Gerechtshof Arnhem-Leeuwarden, 30-08-2022, ECLI:NL:GHARL:2022:7508, 21/00594
Gerechtshof Arnhem-Leeuwarden, 30-08-2022, ECLI:NL:GHARL:2022:7508, 21/00594
Gegevens
- Instantie
- Gerechtshof Arnhem-Leeuwarden
- Datum uitspraak
- 30 augustus 2022
- Datum publicatie
- 9 september 2022
- Formele relaties
- Cassatie: ECLI:NL:HR:2023:1092
- Zaaknummer
- 21/00594
Inhoudsindicatie
IB/PVV. Aanmerkelijk belang. Belastingkorting.
Uitspraak
locatie Arnhem
nummer BK-ARN 21/00594
uitspraakdatum: 30 augustus 2022
Uitspraak van de tweede meervoudige belastingkamer
op het hoger beroep van
[belanghebbende] te [woonplaats1] (hierna: belanghebbende)

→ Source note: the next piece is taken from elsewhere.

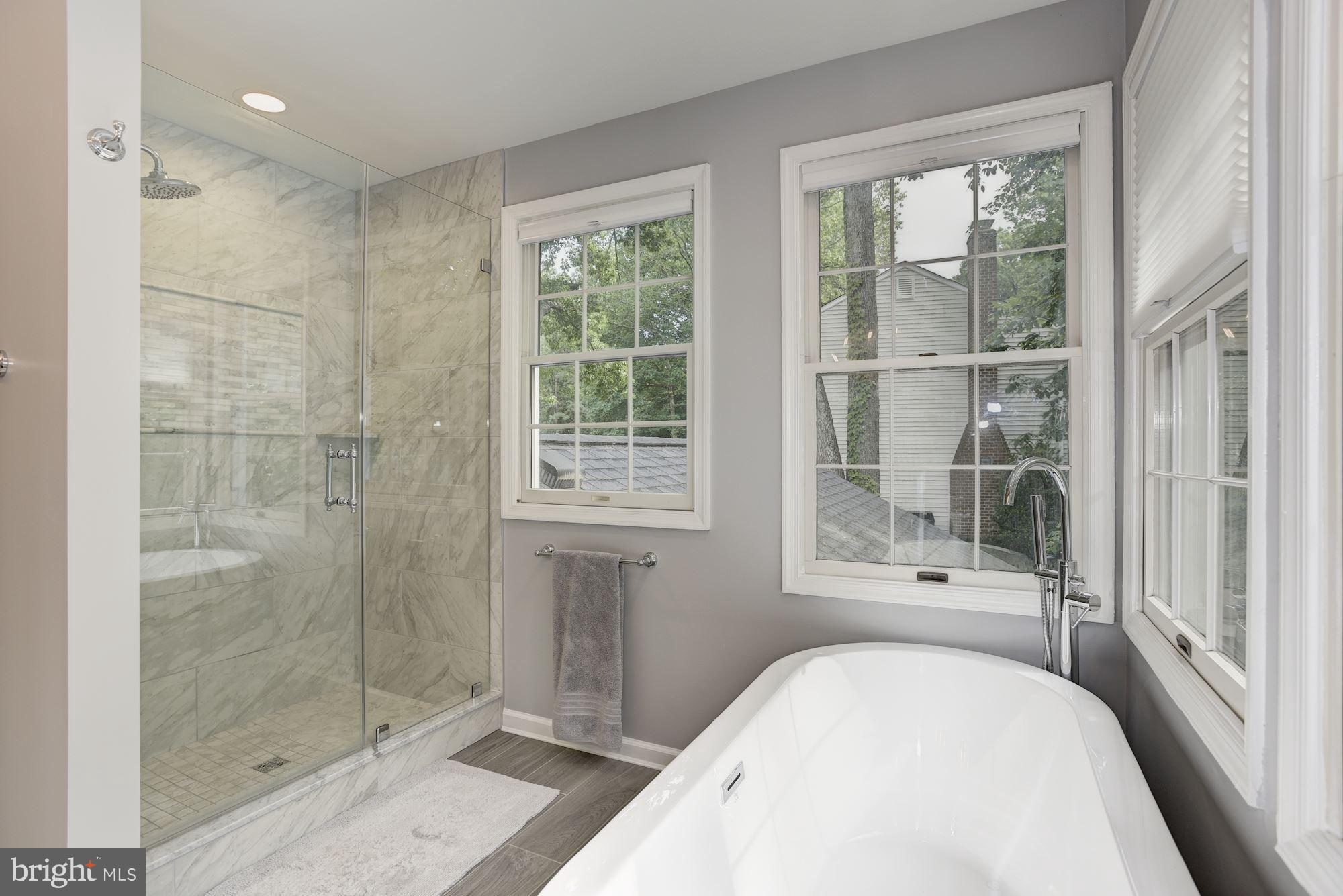 1932 Barton Hill Road Reston, VA 20191 - Photo 38 of 75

tegen de uitspraak van de rechtbank Gelderland (hierna: de Rechtbank) van 13 april 2021, nummer AWB 20/3973, in het geding tussen belanghebbende en
de inspecteur van de Belastingdienst/Kantoor Arnhem (hierna: de Inspecteur)
1 Ontstaan en loop van het geding
Aan belanghebbende is voor het jaar 2016 een aanslag in de inkomstenbelasting/premie volksverzekeringen (hierna: IB/PVV) opgelegd. Bij die aanslag is aan belanghebbende tevens een verrekeningsbeschikking belastingkorting in de zin van artikel 2.11a, lid 3, van de Wet inkomstenbelasting 2001 (hierna: Wet IB 2001) afgegeven.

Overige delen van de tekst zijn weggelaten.